Taking that statement and looking at my experience on the Surface Pro 3 and Windows 8 it’s apparent Microsoft does not agree with Ben. In their effort to create a device that does everything and satisfies the laptop and tablet needs they’ve created a device that does neither well. Additionally in their effort to create 1 user experience across all devices and form factors (twins) they’ve alienated desktop users by forcing them into a tablet interface and “Modern UI” when they’d rather interact with their device as a desktop/laptop.

All that negativity out I am hopeful from what I’ve read about Windows 9 Windows 10 that Microsoft will finally stop fighting their users and give us back the menu we want on the desktop…but I hope they go further in controlling my user experience based on how I’m using the device. If I have a keyboard and trackpad I want to use it as a laptop, if those don’t exist lock me into tablet mode. If Microsoft can create a common platform with a single application install that adapts to how I’m using the device I’m willing keep trying Windows…until then I’m looking forward to a new MacBook Air release this fall.

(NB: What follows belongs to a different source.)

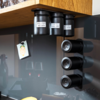 Drei schwarze zylindrische Dosen mit weißen Etiketten unter einer Holzschrankkante; rechts drei schwarze runde Magnetdosen an einer vertikalen Wandhalterung; links ein hängendes Papierkarte mit gelbem Aufkleber; dunkle glänzende Rückwand mit Spiegelu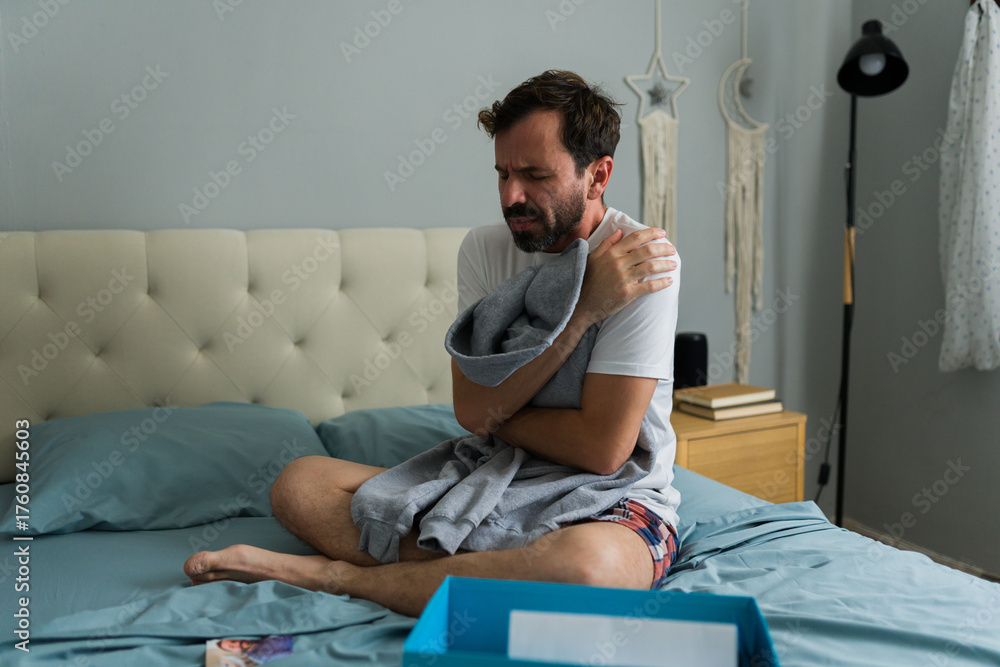 Obraz premium Depressed man sitting on bed hugging ex-girlfriend sweatshirt after breakup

4 thoughts on “Microsoft created a Spork

  1. Well said, Dan! Your experience really mirrors much of my own with my Surface Pro this year. I think Ben’s statement is correct. Good designs never were led by incorporating all the colors of the spectrum and be all things to all people. No product can ever be successful this way. Merging all colors renders you black, or in some cases completely snow blind in absolute empty white. You need a starting point and a purpose. Oh, and nothing lasts forever they say, so be purposeful in designing something that in present form lives in the now, and might just have a good life until the purpose evolves or ends.

    On the flip side this is clear in how Apple thoughtfully brought iPad to be a tablet platform, and why they do not experiment on their customers with products that just don’t give the satisfaction if a completely lived in and well thought out experience. They execute with a purpose.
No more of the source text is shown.